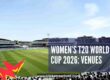Women’s T20 World Cup 2026: Venues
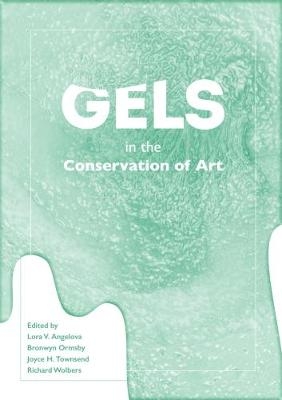 Gels in the Conservation of Art - 
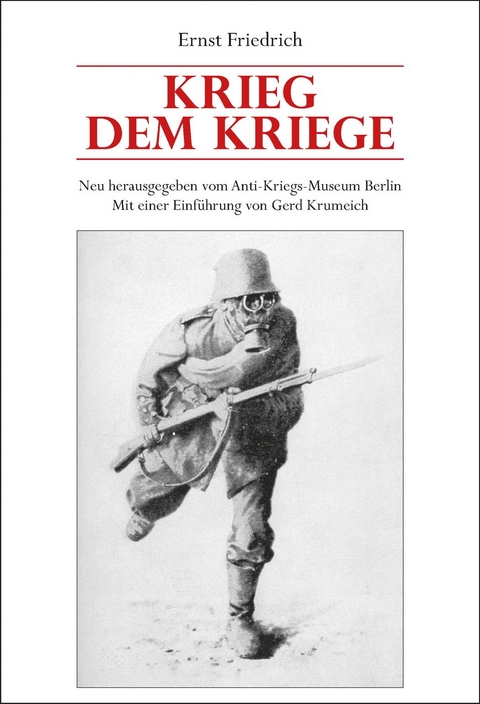 Krieg dem Kriege - Ernst Friedrich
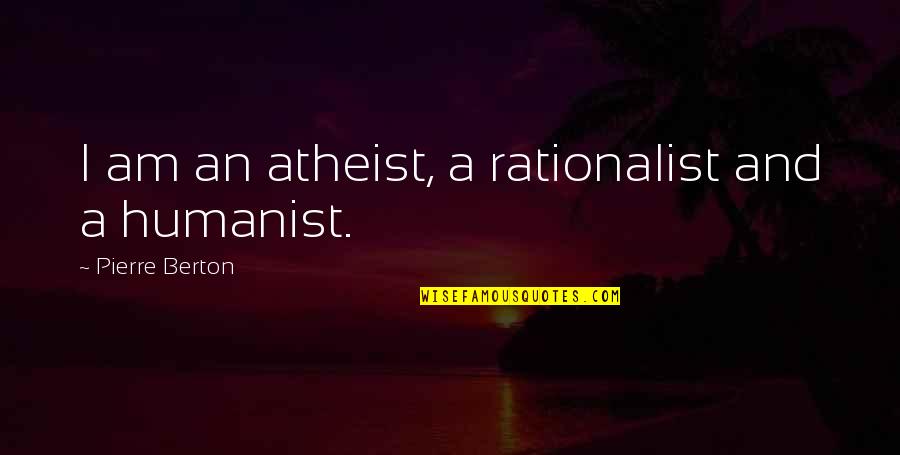Rationalist Quotes By Pierre Berton: I am an atheist, a rationalist and a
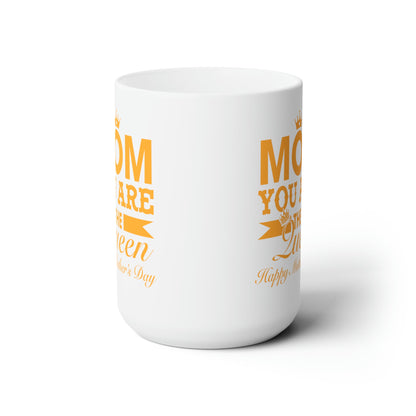 15oz Mom is The Queen Mother's Day Coffee Mug - Just Grace Ceramics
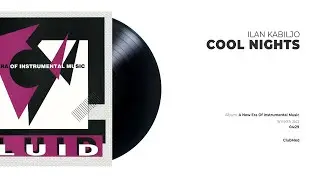 Ilan Kabiljo - Cool Nights | SMOOTH JAZZ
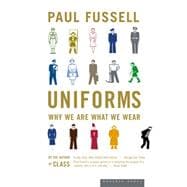 Uniforms: Why We Are What We Where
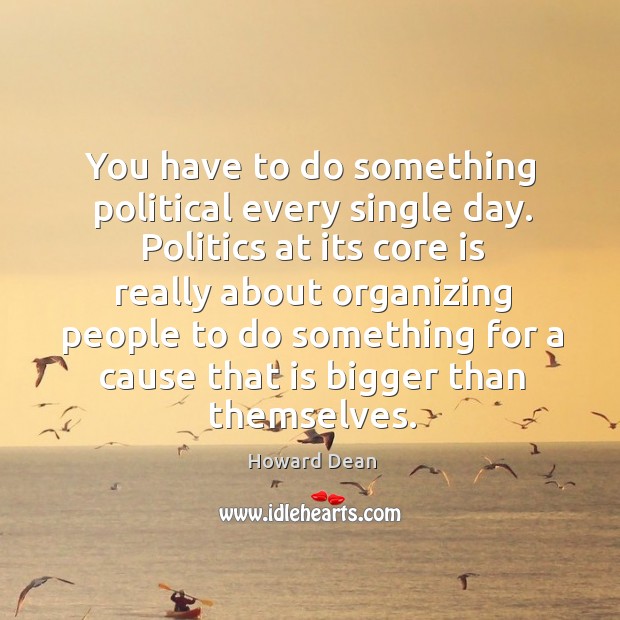 You have to do something political every single day. Politics at its core is really about Howard Dean Picture Quote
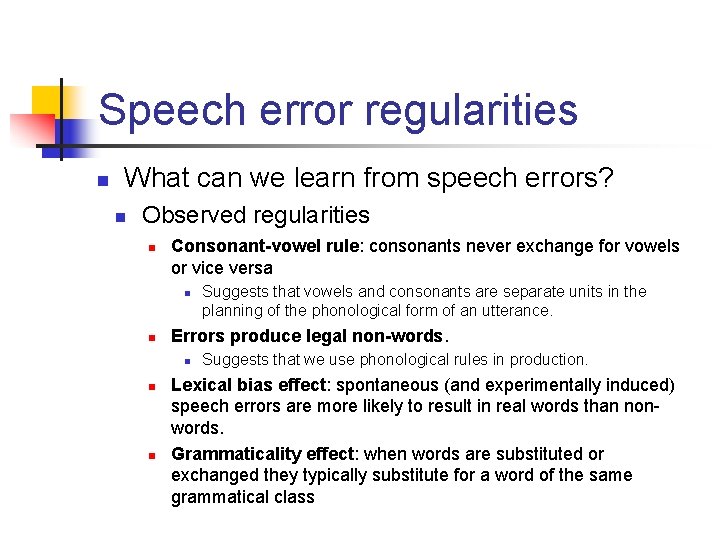 Speech error regularities n What can we learn from speech errors? n Observed regularities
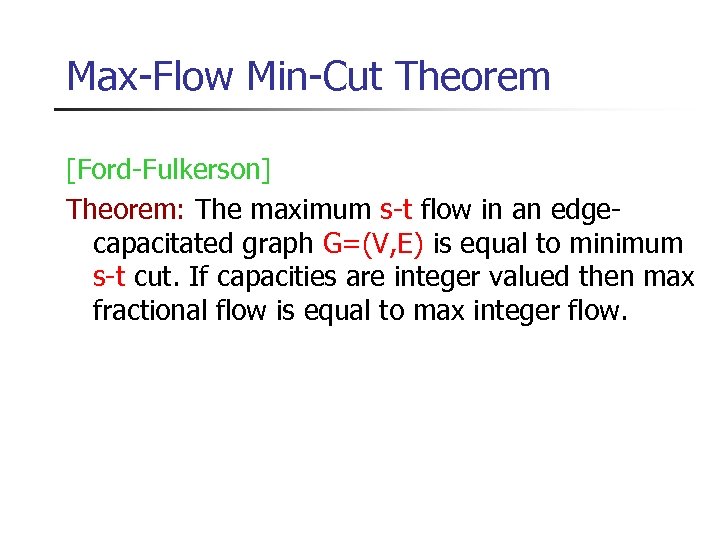 Max-Flow Min-Cut Theorem [Ford-Fulkerson] Theorem: The maximum s-t flow in an edgecapacitated graph G=(V,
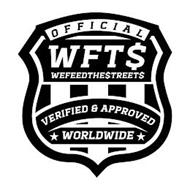 OFFICIAL WFT$ WEFEEDTHE$TREET$ VERIFIED& APPROVED WORLDWIDE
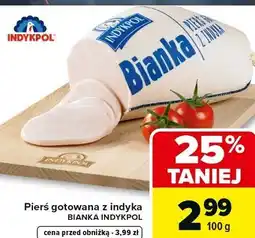 Carrefour Market Pierś gotowana z indyka BIANKA INDYKPOL oferta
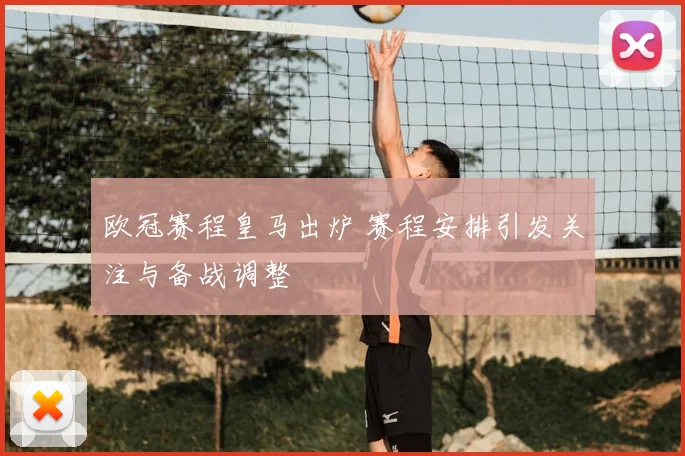 欧冠赛程皇马出炉 赛程安排引发关注与备战调整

> _EXERCISE OBJECTIVE_
Would you output the data above exactly as written, but with no images?

> _FINAL ANSWER_
Women’s T20 World Cup 2026: Venues
 Gels in the Conservation of Art - 
 Krieg dem Kriege - Ernst Friedrich
Rationalist Quotes By Pierre Berton: I am an atheist, a rationalist and a
 15oz Mom is The Queen Mother's Day Coffee Mug - Just Grace Ceramics
 Ilan Kabiljo - Cool Nights | SMOOTH JAZZ
 Uniforms: Why We Are What We Where
 You have to do something political every single day. Politics at its core is really about Howard Dean Picture Quote
 Speech error regularities n What can we learn from speech errors? n Observed regularities
 Max-Flow Min-Cut Theorem [Ford-Fulkerson] Theorem: The maximum s-t flow in an edgecapacitated graph G=(V,
 OFFICIAL WFT$ WEFEEDTHE$TREET$ VERIFIED& APPROVED WORLDWIDE
 Carrefour Market Pierś gotowana z indyka BIANKA INDYKPOL oferta
 欧冠赛程皇马出炉 赛程安排引发关注与备战调整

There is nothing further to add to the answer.